Areas advertisers are keeping a watchful eye on are as follows: Both parties are showing growing interest in using trade and tax provisions to support the U.S. national interest and reverse the outflow of U.S. jobs: a potential increase in the headline corporate tax rate or to international tax given both could impact how national businesses are able to compete with foreign ones. 

If smart planning before the election meant assessing impact in areas where candidates were the furthest apart, PwC’s technology media and telecommunications corporate strategy leader Dan Hays said companies might now look to areas where bipartisan consensus has been building — as this is where policy could be more likely to take flight, depending on the outcome.

One area that isn’t up for debate is big tech. Those companies are still in trouble regardless of whether it’s Biden or Republicans in the Senate. 

Biden may have remained relatively quiet on tech compared to President Trump, but it’s unlikely his administration would have the same cozy relationship it had during Barack Obama’s tenure. There’s a desire on both sides of the Senate to rein in big tech. And while Biden has said breaking up those businesses is a step too far, he has backed calls for tighter restrictions on how they operate, especially when it comes to content moderation. 
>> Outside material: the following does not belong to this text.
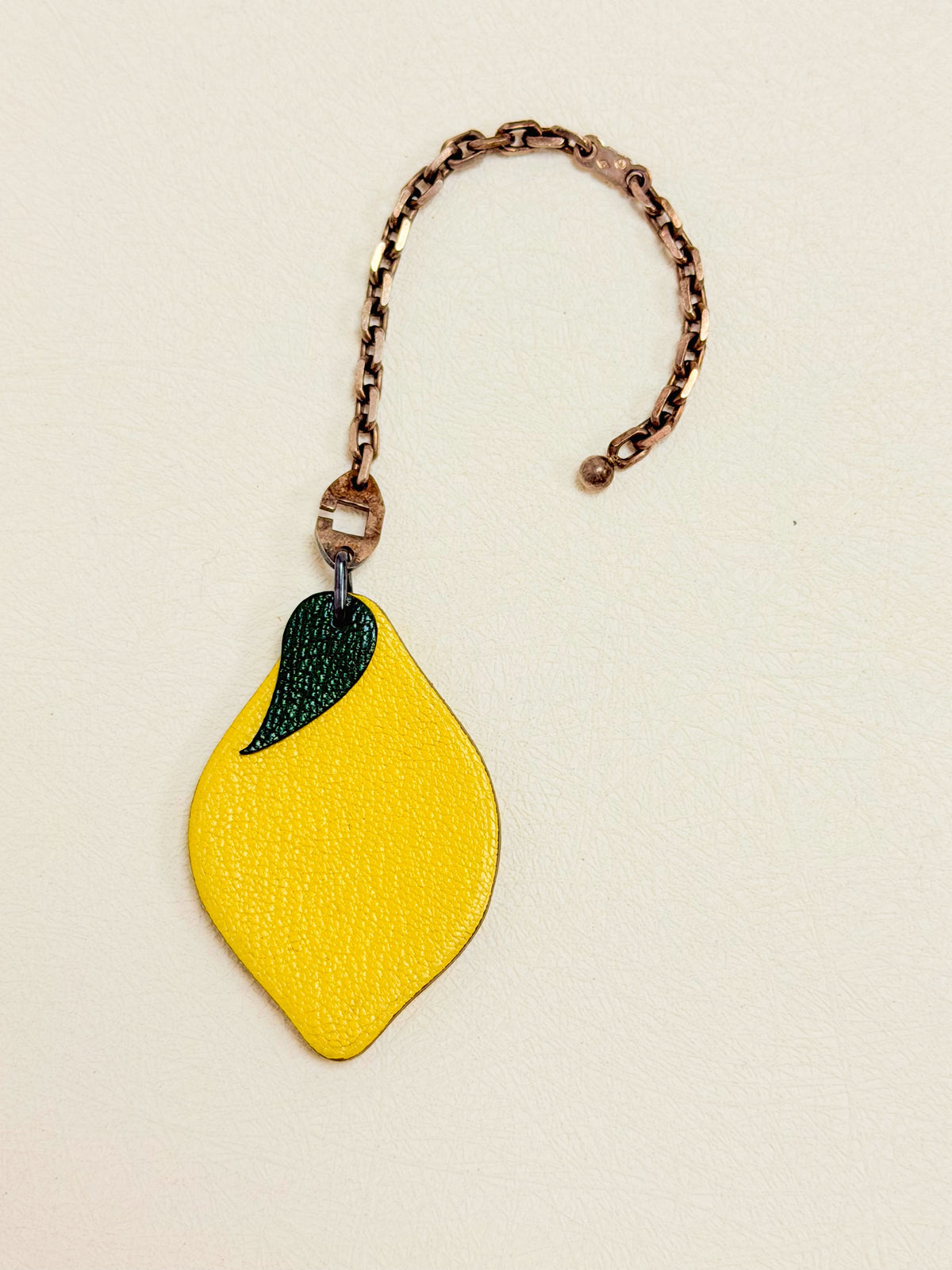HERMÈS Porte-clés Charm Citron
Take Section 230 of the Communications Decency Act. It gives ‘interactive computer services” like Facebook and YouTube the ability to moderate content on their platforms that is violent, hateful or otherwise objectionable without those businesses illegally infringing on people’s First Amendment right to free speech. In other words it bars the likes of Facebook and Twitter from being held liable as publishers of the content posted on their platforms. Biden wants to revoke that law. 

“Advertisers are most exposed to any changes to Section 230 as a result of the presidential election,” said Hays. “Advertising has become inextricably linked to online platforms that are used to disseminate user-generated content. And yet the industry has — at large — not cracked the code of how to scale content moderation practices.”

Any tensions stoked by regulation and higher taxes could be eased somewhat by Biden’s immigration policies. Trump restricted the use of H-1B visas, which both tech companies and ad agencies used to hire foreign workers for high-skilled positions in the U.S.. Biden, however, has vowed to reform the H-1B system and progress toward increasing the number of green cards the government issues yearly. 

On the topic of privacy, Biden has said that the U.S. should be “setting standards not unlike the Europeans are doing relative to privacy.”

It could mean a more rigorous approach to privacy that borrows from the General Data Protection Act in Europe.

Beyond policies, the presidential race has given marketers a more philosophical quandary to mull long after the result is announced.

The U.S. is facing one of the deepest divides in its history. President Trump got more votes in 2020 than he did four years ago. That’s no renunciation of all the controversial policy and platforms the president stood for. Indeed, marketers will need to be more mindful of how they appeal to a polarized customer base. In fact, it may no longer be possible to appeal to essentially everyone in the U.S.